[The task] Produce as output only the lines below starting at the line with "Modellauto Im Maßstab" and continuing through the line with "Hoofdafbeelding Opel ADAM", each one exactly as written.

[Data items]
......

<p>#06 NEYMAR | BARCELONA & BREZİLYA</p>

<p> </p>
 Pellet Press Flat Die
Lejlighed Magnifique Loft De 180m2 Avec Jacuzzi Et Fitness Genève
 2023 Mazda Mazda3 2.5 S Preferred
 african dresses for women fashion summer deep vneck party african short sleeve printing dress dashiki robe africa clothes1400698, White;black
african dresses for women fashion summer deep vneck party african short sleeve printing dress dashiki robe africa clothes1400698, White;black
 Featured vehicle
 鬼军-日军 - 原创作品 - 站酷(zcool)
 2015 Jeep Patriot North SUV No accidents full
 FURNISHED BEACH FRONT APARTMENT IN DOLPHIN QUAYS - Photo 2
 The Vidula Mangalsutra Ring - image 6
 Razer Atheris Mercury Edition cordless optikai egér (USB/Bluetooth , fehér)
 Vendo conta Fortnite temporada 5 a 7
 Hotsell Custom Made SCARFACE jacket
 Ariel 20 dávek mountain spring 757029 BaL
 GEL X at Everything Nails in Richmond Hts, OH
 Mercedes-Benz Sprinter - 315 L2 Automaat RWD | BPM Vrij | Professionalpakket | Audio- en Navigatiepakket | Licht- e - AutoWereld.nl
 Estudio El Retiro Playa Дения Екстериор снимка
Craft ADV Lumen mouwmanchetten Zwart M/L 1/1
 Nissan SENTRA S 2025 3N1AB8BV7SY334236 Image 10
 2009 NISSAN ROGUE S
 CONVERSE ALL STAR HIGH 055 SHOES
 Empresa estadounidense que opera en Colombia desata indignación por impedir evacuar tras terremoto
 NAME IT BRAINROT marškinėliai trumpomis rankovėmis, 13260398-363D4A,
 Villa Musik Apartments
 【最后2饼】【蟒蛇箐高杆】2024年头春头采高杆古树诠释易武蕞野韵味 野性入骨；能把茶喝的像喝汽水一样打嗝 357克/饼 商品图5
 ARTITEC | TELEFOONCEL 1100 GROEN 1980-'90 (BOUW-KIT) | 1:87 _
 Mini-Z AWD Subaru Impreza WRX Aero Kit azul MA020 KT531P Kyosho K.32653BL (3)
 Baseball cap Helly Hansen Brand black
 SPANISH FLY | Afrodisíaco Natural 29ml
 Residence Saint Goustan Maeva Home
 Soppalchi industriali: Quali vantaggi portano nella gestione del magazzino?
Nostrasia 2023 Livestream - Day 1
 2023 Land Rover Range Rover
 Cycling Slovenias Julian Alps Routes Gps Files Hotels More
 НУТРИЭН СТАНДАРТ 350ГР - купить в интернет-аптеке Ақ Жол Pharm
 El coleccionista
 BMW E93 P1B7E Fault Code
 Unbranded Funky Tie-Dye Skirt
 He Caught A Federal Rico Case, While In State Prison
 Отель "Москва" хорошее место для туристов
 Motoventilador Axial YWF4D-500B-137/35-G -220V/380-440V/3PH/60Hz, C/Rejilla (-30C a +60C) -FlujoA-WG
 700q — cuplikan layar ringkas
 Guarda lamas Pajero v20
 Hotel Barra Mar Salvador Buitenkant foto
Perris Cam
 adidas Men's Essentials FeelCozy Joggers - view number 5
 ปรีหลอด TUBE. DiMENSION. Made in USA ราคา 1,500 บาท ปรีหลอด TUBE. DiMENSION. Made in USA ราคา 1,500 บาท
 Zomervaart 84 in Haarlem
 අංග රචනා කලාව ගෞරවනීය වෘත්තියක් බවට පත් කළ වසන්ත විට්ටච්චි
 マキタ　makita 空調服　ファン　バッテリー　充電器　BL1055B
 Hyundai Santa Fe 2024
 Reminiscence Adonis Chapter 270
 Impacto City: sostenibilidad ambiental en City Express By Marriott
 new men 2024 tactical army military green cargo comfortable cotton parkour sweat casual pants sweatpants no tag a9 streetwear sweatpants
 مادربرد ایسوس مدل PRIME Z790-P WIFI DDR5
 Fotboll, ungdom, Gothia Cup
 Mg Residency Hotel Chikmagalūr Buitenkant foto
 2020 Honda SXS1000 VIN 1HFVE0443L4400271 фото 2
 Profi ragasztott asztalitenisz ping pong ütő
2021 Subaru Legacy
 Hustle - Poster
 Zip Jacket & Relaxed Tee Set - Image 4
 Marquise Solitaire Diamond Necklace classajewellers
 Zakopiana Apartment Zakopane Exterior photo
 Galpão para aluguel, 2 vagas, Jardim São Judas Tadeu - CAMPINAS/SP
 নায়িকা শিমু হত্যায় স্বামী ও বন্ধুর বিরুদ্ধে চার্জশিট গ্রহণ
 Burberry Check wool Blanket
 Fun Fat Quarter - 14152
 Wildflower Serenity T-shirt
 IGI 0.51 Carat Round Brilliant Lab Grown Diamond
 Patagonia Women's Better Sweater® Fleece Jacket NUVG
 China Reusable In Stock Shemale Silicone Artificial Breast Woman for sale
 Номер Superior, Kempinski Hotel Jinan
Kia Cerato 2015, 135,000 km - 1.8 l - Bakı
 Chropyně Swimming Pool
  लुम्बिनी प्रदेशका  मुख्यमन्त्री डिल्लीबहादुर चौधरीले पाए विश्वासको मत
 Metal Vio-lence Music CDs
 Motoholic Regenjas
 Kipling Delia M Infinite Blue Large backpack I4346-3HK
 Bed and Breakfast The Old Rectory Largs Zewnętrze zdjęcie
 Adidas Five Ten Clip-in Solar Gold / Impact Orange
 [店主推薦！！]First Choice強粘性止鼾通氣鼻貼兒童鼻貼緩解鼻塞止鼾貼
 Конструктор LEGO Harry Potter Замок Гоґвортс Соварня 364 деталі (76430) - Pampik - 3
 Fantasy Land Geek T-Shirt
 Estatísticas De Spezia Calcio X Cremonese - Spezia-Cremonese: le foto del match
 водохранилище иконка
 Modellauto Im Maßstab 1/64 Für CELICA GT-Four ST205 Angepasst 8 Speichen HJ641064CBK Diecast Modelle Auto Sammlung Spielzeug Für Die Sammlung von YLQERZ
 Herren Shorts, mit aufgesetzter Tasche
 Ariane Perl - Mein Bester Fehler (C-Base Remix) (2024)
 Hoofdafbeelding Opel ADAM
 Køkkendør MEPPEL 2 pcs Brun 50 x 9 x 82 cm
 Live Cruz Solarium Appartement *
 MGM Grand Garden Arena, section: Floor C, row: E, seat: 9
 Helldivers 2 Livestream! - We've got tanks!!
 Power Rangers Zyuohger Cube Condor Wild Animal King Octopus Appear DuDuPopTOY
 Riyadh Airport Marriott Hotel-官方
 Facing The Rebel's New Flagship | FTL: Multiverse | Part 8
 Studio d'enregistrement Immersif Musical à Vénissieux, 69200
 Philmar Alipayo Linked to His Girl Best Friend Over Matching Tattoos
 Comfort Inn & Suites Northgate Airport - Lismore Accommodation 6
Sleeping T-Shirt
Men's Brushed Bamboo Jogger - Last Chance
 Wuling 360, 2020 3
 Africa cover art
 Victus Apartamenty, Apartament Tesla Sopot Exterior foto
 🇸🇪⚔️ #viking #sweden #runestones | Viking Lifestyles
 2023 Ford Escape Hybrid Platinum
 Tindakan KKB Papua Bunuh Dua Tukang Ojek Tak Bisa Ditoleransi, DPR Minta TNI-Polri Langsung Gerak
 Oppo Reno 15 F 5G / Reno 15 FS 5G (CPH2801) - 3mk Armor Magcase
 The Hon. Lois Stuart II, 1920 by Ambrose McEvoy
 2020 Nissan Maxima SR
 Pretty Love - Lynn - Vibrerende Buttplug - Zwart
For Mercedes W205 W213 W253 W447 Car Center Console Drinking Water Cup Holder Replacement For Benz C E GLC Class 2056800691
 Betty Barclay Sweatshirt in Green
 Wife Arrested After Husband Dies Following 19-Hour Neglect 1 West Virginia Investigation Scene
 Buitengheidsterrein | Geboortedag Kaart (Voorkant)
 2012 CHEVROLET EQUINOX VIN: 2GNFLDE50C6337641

......

[Answer box]
 Modellauto Im Maßstab 1/64 Für CELICA GT-Four ST205 Angepasst 8 Speichen HJ641064CBK Diecast Modelle Auto Sammlung Spielzeug Für Die Sammlung von YLQERZ
 Herren Shorts, mit aufgesetzter Tasche
 Ariane Perl - Mein Bester Fehler (C-Base Remix) (2024)
 Hoofdafbeelding Opel ADAM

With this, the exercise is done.